Também advogado e militante no Espírito Santo da campanha nacional Despejo Zero, Vinicius Lamego lembra que o governador tem até o dia 16 de maio para vetar o PL. “Ele pode sancionar expressamente ou vetar expressamente. Mas se ficar em silêncio, ocorre a sanção tácita”, explica.
Em caso de sanção, somente uma Ação Direta de Inconstitucionalidade (ADI) pode frear os efeitos que a eventual lei pode provocar na vida das famílias que lutam por um teto para viver. ADI que, explicam os dois advogados, tem farto material para justificar sua inconstitucionalidade.
Isabella classifica o PL como uma “aberração jurídica” e afirma que ele contraria a Constituição Federal em diversos pontos, “desde os princípios constitucionais até a restrições de acesso a direitos, benefícios e políticas públicas que somente podem ser restringidos e limitados mediante trânsito em julgado de ação judicial [contra os integrantes de ocupações]”.
No Espírito Santo, mais de 10 mil famílias estão ameaçadas de despejo, segundo levantamento da Campanha Despejo Zero, a maioria delas em prédios abandonados em áreas urbanas. No campo, são principalmente famílias em acampamentos vinculados ou não ao Movimento dos Trabalhadores Rurais Sem Terra (MST) e em comunidades quilombolas ainda não regularizadas.

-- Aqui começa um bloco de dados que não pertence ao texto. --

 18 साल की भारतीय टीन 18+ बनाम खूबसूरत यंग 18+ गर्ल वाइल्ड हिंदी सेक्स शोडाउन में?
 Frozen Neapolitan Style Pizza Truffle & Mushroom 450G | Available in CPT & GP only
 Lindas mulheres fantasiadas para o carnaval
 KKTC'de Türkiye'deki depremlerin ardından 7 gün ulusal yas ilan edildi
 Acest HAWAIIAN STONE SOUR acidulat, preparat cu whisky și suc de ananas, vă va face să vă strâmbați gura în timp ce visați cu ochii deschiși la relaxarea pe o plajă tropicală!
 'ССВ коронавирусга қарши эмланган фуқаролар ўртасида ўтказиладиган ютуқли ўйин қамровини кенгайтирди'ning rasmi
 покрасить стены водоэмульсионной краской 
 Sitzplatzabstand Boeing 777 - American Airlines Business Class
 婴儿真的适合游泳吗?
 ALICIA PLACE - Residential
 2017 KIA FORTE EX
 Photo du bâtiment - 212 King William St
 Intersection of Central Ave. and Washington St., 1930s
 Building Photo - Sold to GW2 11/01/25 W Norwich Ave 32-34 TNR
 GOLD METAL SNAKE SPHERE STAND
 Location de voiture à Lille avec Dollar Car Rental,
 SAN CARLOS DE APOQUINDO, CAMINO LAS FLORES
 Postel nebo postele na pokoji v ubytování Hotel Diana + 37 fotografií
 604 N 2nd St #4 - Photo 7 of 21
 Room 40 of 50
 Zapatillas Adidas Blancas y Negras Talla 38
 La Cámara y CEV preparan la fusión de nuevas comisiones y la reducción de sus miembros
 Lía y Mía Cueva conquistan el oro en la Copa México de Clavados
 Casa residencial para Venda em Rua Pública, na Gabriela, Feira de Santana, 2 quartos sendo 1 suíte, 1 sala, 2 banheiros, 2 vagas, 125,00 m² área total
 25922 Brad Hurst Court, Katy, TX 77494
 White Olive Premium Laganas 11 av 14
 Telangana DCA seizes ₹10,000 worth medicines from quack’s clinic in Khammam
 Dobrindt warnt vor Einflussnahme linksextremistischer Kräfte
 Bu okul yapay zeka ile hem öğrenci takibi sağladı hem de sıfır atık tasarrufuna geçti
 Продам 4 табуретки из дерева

A campanha elencou, além do PL 166/23, de Lucas Polese (PL), outros quatro projetos de lei que tramitavam na Assembleia, com foco na criminalização das ocupações: PL 197/23, de Lucas Scaramussa (Podemos); PL 199/23, de Vandinho Leite (PSDB); PL 22/24, de Callegari (PL); e PL 28/24, também de Polese. A primeira proposta de Polese prevaleceu, por ser a mais antiga, com as demais em anexo, exceto a de Scaramussa, que solicitou a retirada de pauta.
De modo geral, explica Vinicius Lamego, o projeto aprovado visa impor às pessoas que realizam ocupações um tratamento de infratores da lei, além de impedi-las de ter acesso a políticas públicas diversas. “Quando ocorre um despejo, uma das principais medidas que o Estado deve prover, é colocar as pessoas em programas de benefícios sociais e habitacionais. A lei quer impedir qualquer tipo de assistência e fazer com que o poder público realize as remoções de forma sumária, sem as vias judiciais, criminalizando os ocupantes. Podem fazer condução coercitiva das famílias, apreender materiais delas, quebrar sigilo de dados, multar as pessoas, responsabilizar criminalmente e até proibir reuniões para tratar de ocupações”, expõe.
Campanha nacional
Em todo o Brasil, a Campanha Despejo Zero já mapeou o total de 309 mil famílias ameaçadas de despejo. Por sua vez, o Congresso Nacional já aprovou regime de urgência para um PL semelhante ao capixaba. Em outros estados projetos similares já viraram lei e foram alvo de ADIs.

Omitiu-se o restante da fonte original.